- **Aim of the exercise**: Begin at the line containing "Срочна распрадажь Мебель стенка." in the data below and go on through the line containing "KASHAN, IRAN - le", repeating each line exactly; include both ends and no other line.
(Data excerpts Opens)
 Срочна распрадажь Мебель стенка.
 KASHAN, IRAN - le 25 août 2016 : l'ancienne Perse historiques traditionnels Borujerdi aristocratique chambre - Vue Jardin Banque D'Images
(Data excerpts Closes)
(Data excerpts Opens)
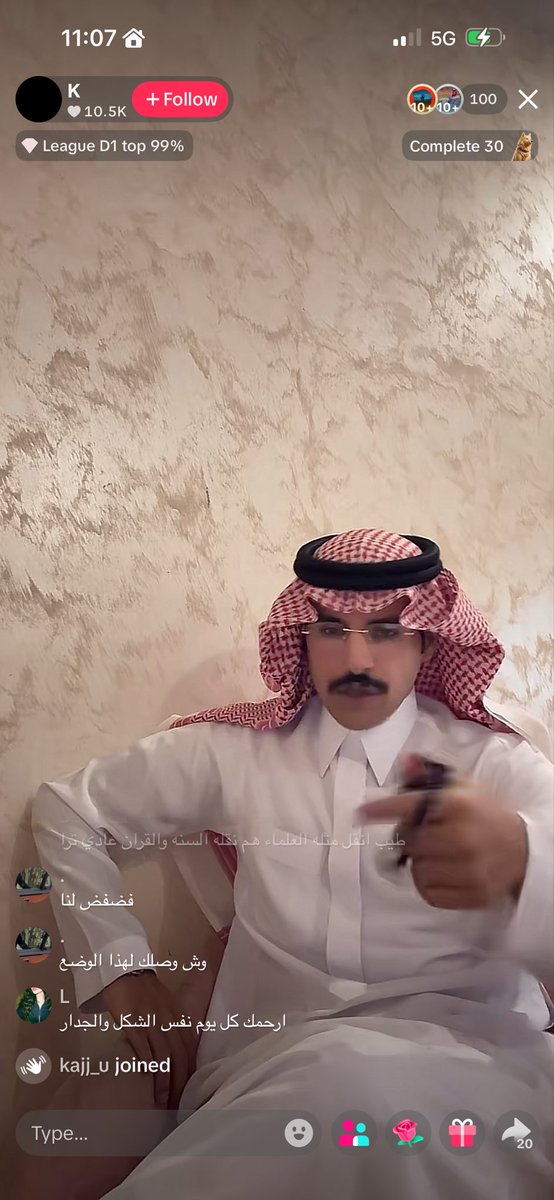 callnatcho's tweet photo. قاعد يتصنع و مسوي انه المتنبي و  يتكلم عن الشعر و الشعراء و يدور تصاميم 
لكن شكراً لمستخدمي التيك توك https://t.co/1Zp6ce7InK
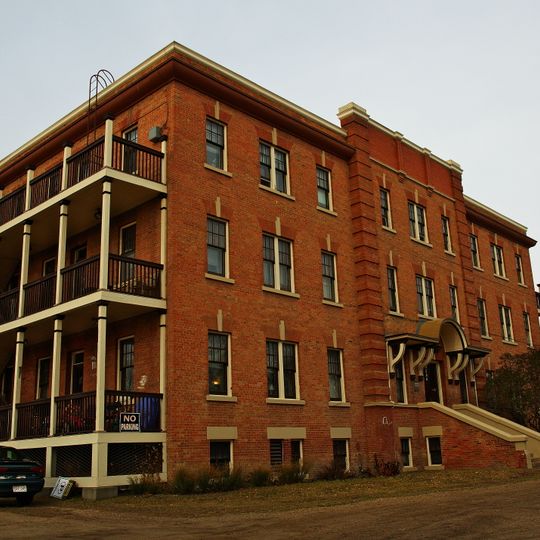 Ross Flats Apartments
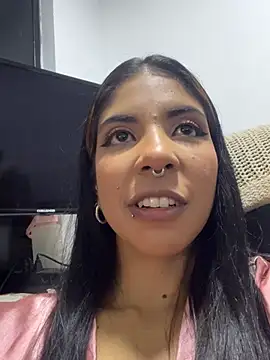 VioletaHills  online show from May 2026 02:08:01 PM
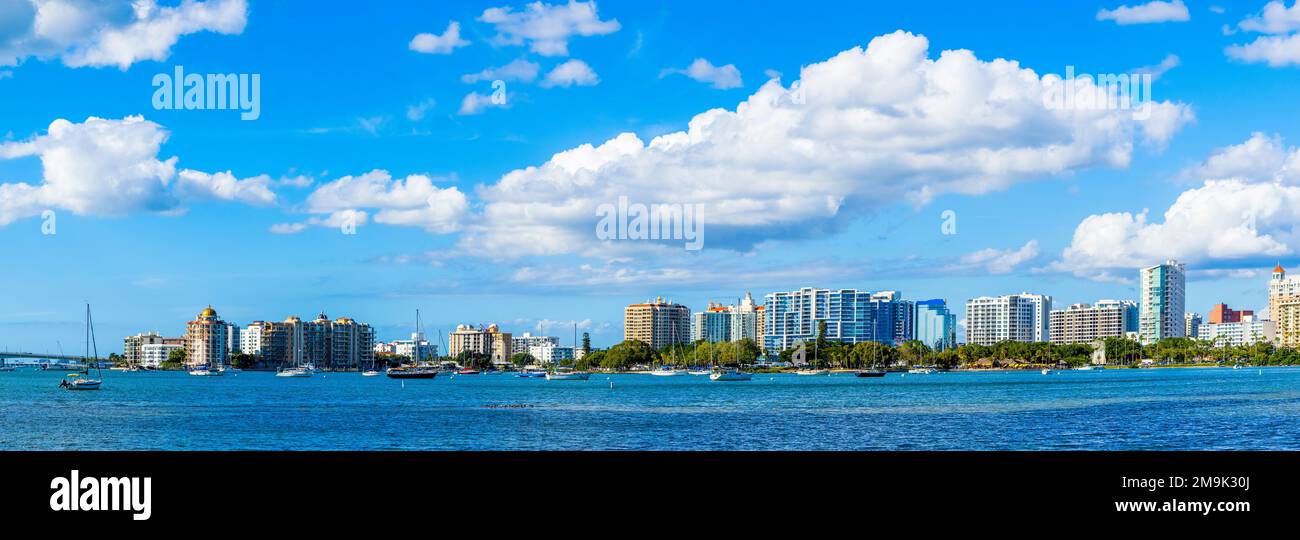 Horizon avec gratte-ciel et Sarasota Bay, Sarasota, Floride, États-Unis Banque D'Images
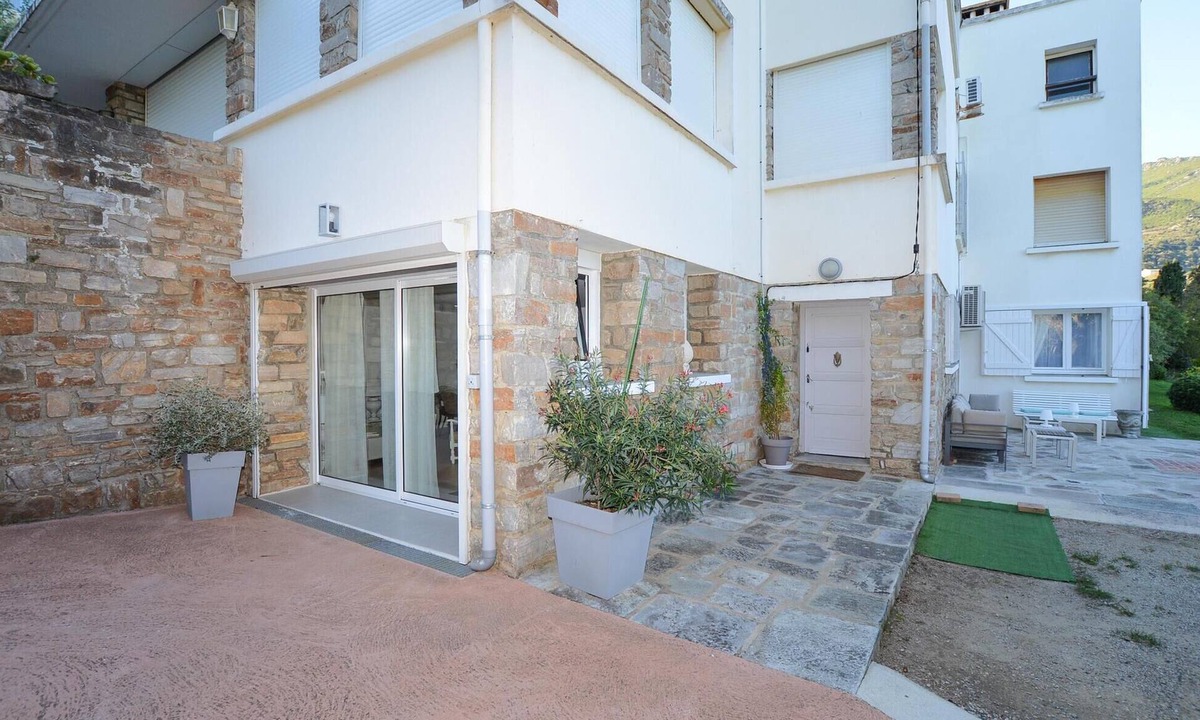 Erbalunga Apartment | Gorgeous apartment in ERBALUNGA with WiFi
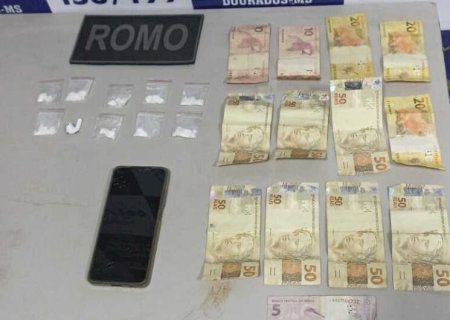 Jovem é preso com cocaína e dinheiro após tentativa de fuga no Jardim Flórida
(Data excerpts Closes)
(Data excerpts Opens)
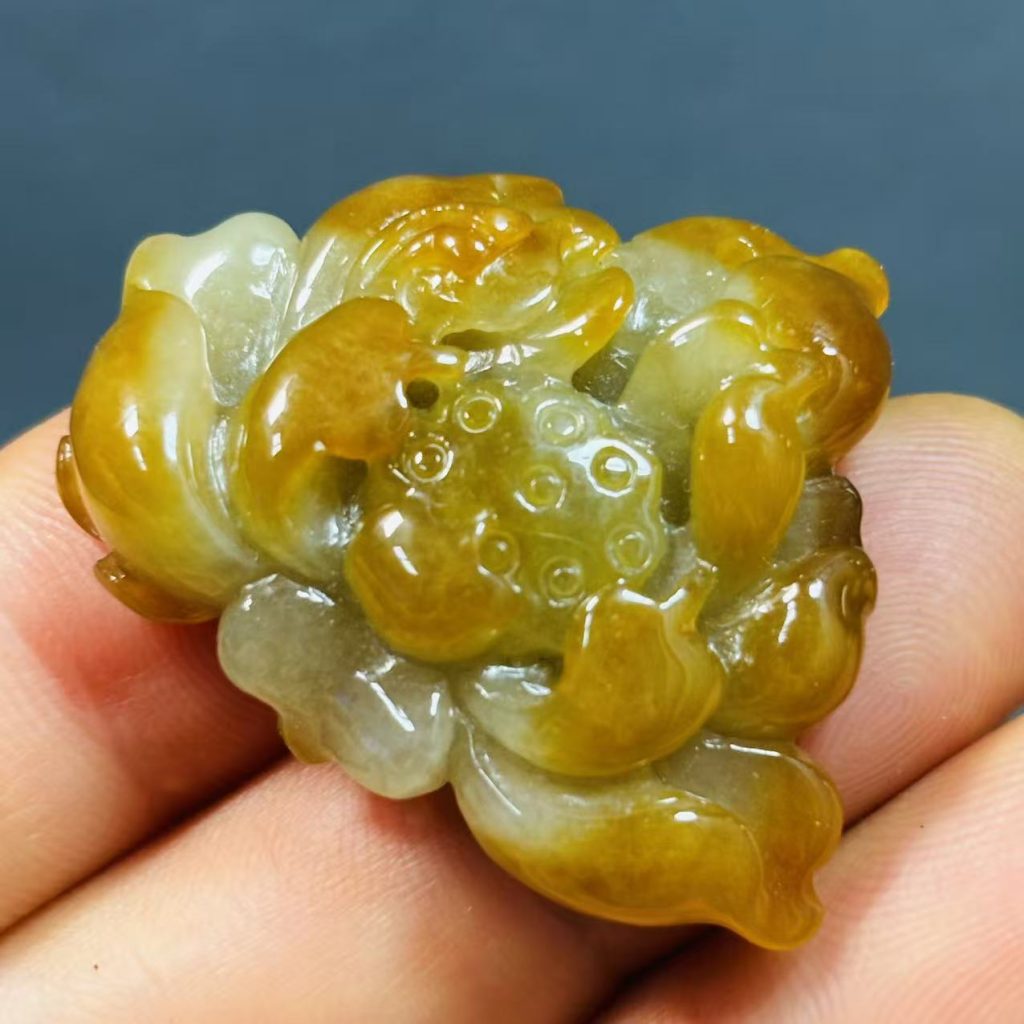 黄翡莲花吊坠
(Data excerpts Closes)
- **Result**:
 Срочна распрадажь Мебель стенка.
 KASHAN, IRAN - le 25 août 2016 : l'ancienne Perse historiques traditionnels Borujerdi aristocratique chambre - Vue Jardin Banque D'Images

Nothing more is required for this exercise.